** What to produce **
Starting at the first line of the data and ending at the line with "Wohnung zur Miete", copy each line exactly. Include both of those lines, but no pictures.

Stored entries
——

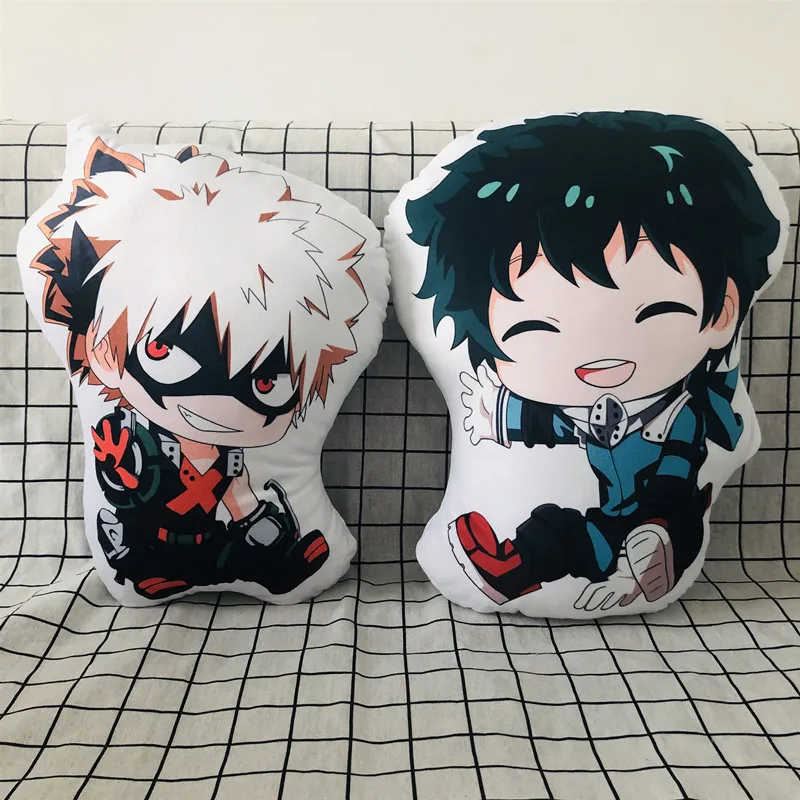 40 см аниме My Hero Academy Midoriya Izuku Bakugou Katsuki Todoroki Shouto OCHACO URARAKA Asui Tsuyu плюшевая подушка Мультяшные игрушки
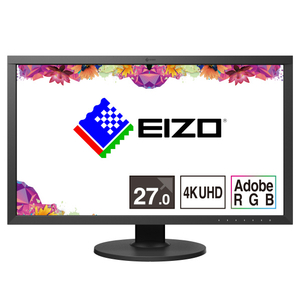 EIZO 27型液晶ディスプレイ ColorEdge ブラック CS2740-BK-イメージ1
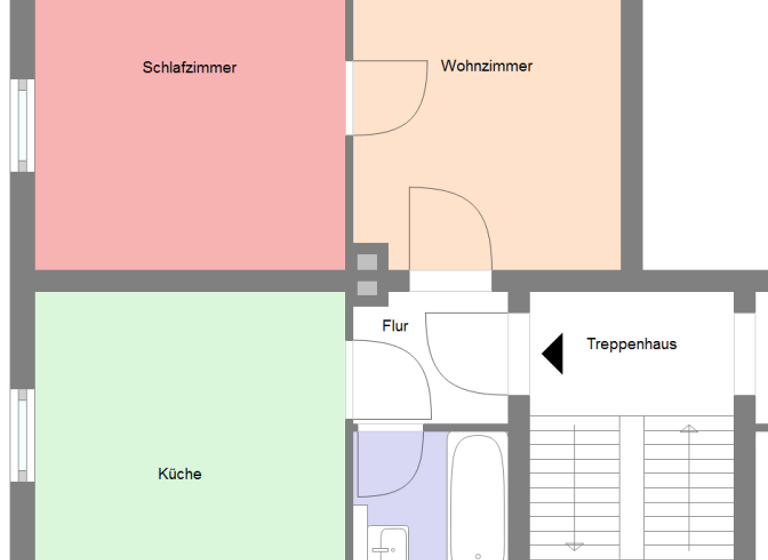 Wohnung zur Miete 320 € 2 Zimmer 59 m² 1. Geschoss frei ab sofort Seifhennersdorf 02782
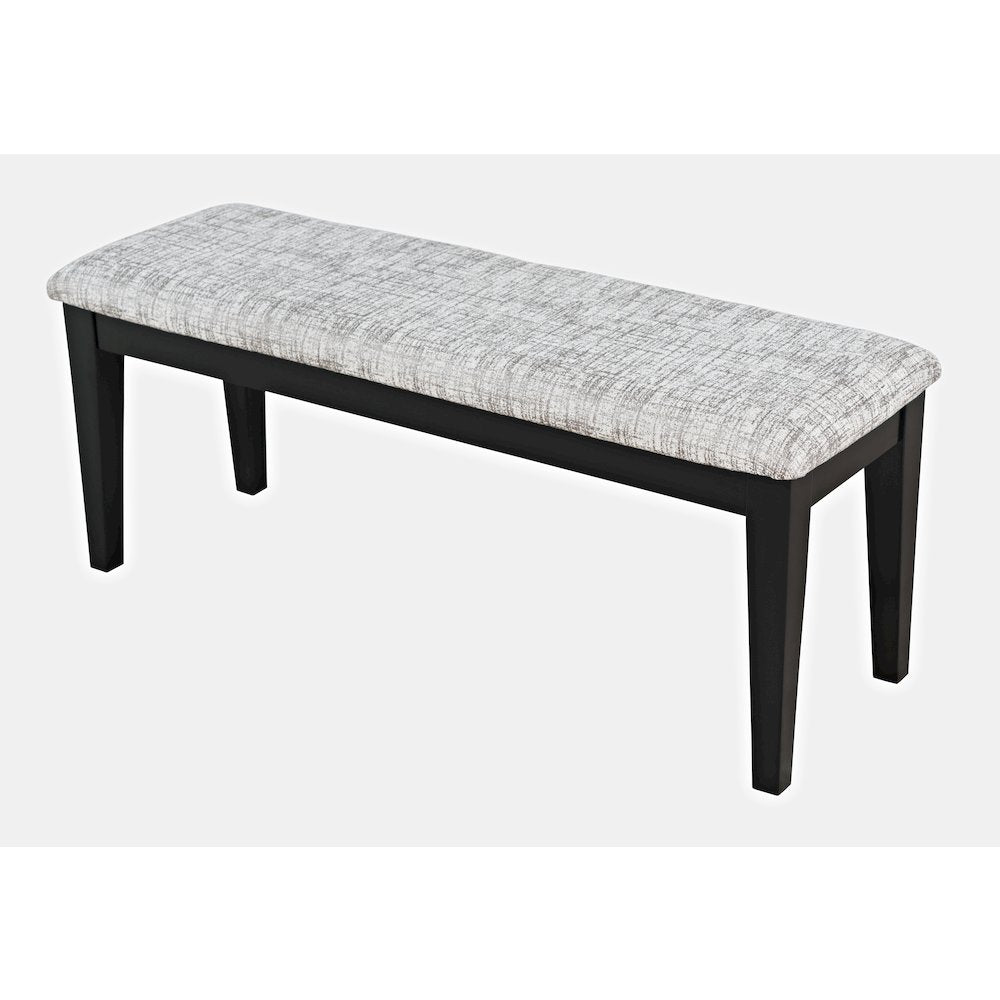 Contemporary 66" Four-Piece Dining Set with Upholstered Chairs and Bench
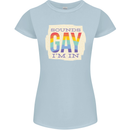 Sounds Gay Im In Funny LGBT Gay Pride Day Womens Petite Cut T-Shirt Light Blue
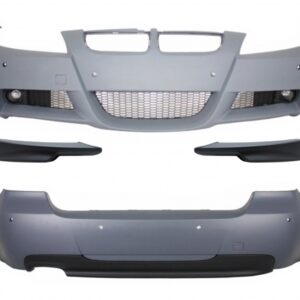 Body Kit with Front Bumper Splitters Spoiler suitable for BMW 3 Series Touring E91 LCI (2008-2011) M-Technik M-Sport M-Tech Design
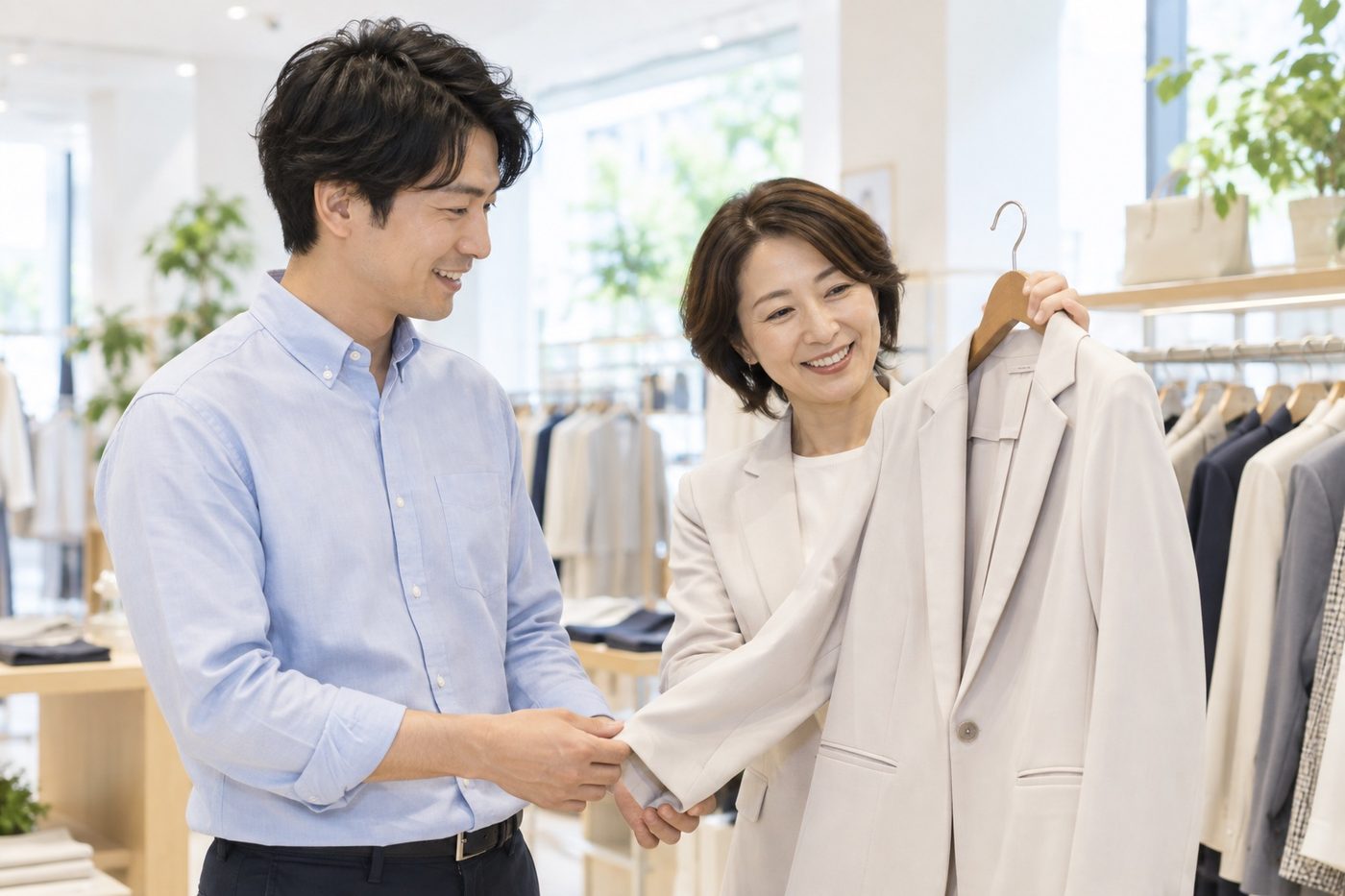 服選びをサポートするイメージ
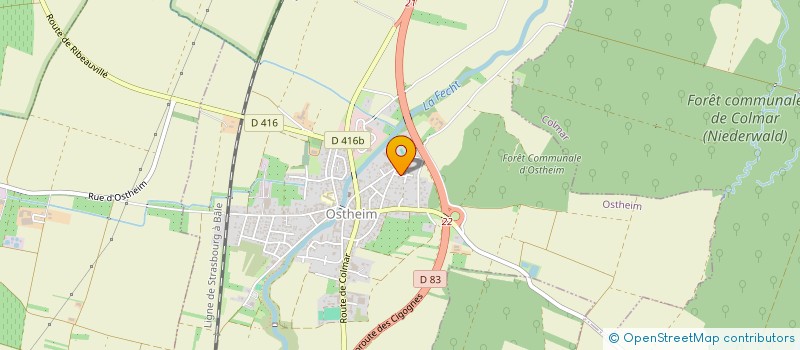 localisation de l'entreprise SCI VALYG  OSTHEIM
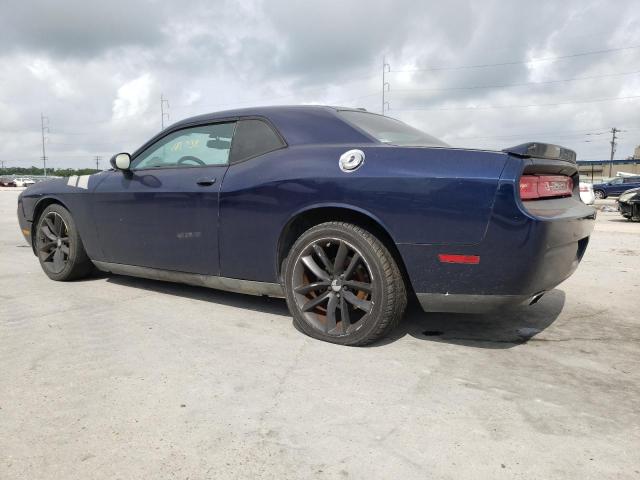 2C3CDYAG1DH593109 - 2013 DODGE CHALLENGER SXT BLUE photo 2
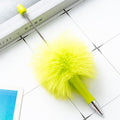 Furry beadable pen-candy green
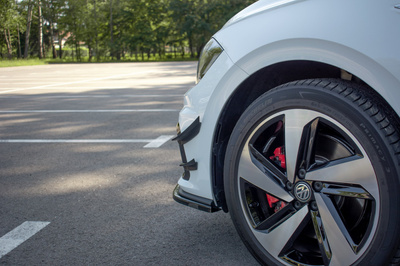 Ailes de pare-chocs avant (Canards) Volkswagen Polo GTI Mk6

——

** Solution to this task **
 40 см аниме My Hero Academy Midoriya Izuku Bakugou Katsuki Todoroki Shouto OCHACO URARAKA Asui Tsuyu плюшевая подушка Мультяшные игрушки
 EIZO 27型液晶ディスプレイ ColorEdge ブラック CS2740-BK-イメージ1
 Wohnung zur Miete 320 € 2 Zimmer 59 m² 1. Geschoss frei ab sofort Seifhennersdorf 02782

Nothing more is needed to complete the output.